We start by creating a Dask cluster on a DGX2 (16 GPUs in a single node) and loading the image stored in Zarr :
from dask.distributed import Client
from dask_cuda import LocalCUDACluster
import dask.array as da
import rmm
import cupy as cp
cluster = LocalCUDACluster(
local_directory="/tmp/bzaitlen",
enable_nvlink=True,
rmm_pool_size="26GB",
)
client = Client(cluster)
client.run(
cp.cuda.set_allocator,
rmm.rmm_cupy_allocator
)
imgs = da.from_zarr("/public/NVMICROSCOPY/y1z1_C1_A.zarr/")

From the Dask output above you can see the data is a zstack of 950 images
where each slice is 2048x2048. For this data set, we can improve GPU
performance if we operate on larger chunks. Additionally, we need to ensure
the chunks are are least as big as the PSF which in this case is, (128, 128,
128). As we did our work on a DGX2, which has 16 GPUs, we can comfortably fit
the data and perform deconvolution on each GPU if we rechunk
the data
accordingly:
# chunk with respect to PSF shape (128, 128, 128)

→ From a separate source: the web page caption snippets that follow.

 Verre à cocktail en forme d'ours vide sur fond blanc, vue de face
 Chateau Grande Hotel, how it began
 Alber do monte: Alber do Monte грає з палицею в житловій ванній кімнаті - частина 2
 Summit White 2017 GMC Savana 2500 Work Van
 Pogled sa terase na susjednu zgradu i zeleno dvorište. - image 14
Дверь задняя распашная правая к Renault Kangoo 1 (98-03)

imgs = imgs.rechunk(chunks={0: 190, 1: 512, 2: 512})
imgs
Array  Chunk  

Bytes  7.97 GB  99.61 MB 
Shape  (950, 2048, 2048)  (190, 512, 512) 
Count  967 Tasks  80 Chunks 
Type  uint16  numpy.ndarray 
Next, we convert to float32
as the data may not already be of floating point
type. Also 32bit is a bit faster than 64bit when computing and saves a bit on
memory. Below we map cupy.asarray
onto each block of data. cupy.asarray
moves the data from host memory (NumPy) to the device/GPU (CuPy).

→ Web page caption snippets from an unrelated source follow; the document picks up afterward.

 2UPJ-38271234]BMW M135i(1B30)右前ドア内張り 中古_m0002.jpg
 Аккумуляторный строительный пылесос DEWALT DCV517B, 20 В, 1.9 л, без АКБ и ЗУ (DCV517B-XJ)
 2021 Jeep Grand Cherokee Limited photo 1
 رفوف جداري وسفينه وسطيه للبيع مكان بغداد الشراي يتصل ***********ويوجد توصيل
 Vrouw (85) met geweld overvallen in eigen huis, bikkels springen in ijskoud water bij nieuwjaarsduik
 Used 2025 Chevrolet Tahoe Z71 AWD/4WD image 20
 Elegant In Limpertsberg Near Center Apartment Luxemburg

imgs = imgs.astype(np.float32)
c_imgs = imgs.map_blocks(cp.asarray)

What we now have is a Dask array composed of 16 CuPy blocks of data. Notice
how Dask provides nice typing information in the SVG output. When we moved
from NumPy to CuPy, the block diagram above displays Type: cupy.ndarray
–
this is a nice sanity check.
The last piece we need before running the deconvolution is the PSF which should also be loaded onto the GPU:
import skimage.io
psf = skimage.io.imread("/public/NVMICROSCOPY/PSF.tif")
c_psf = cp.asarray(psf)
Lastly, we call map_overlap
with the deconvolve
function across the Dask
array:
out = da.map_overlap(
deconvolve,
c_imgs,
psf=c_psf,
iterations=100,
meta=c_imgs._meta,
depth=tuple(np.array(c_psf.shape) // 2),
boundary="periodic"
)
out
The image above is taken from a mouse intestine.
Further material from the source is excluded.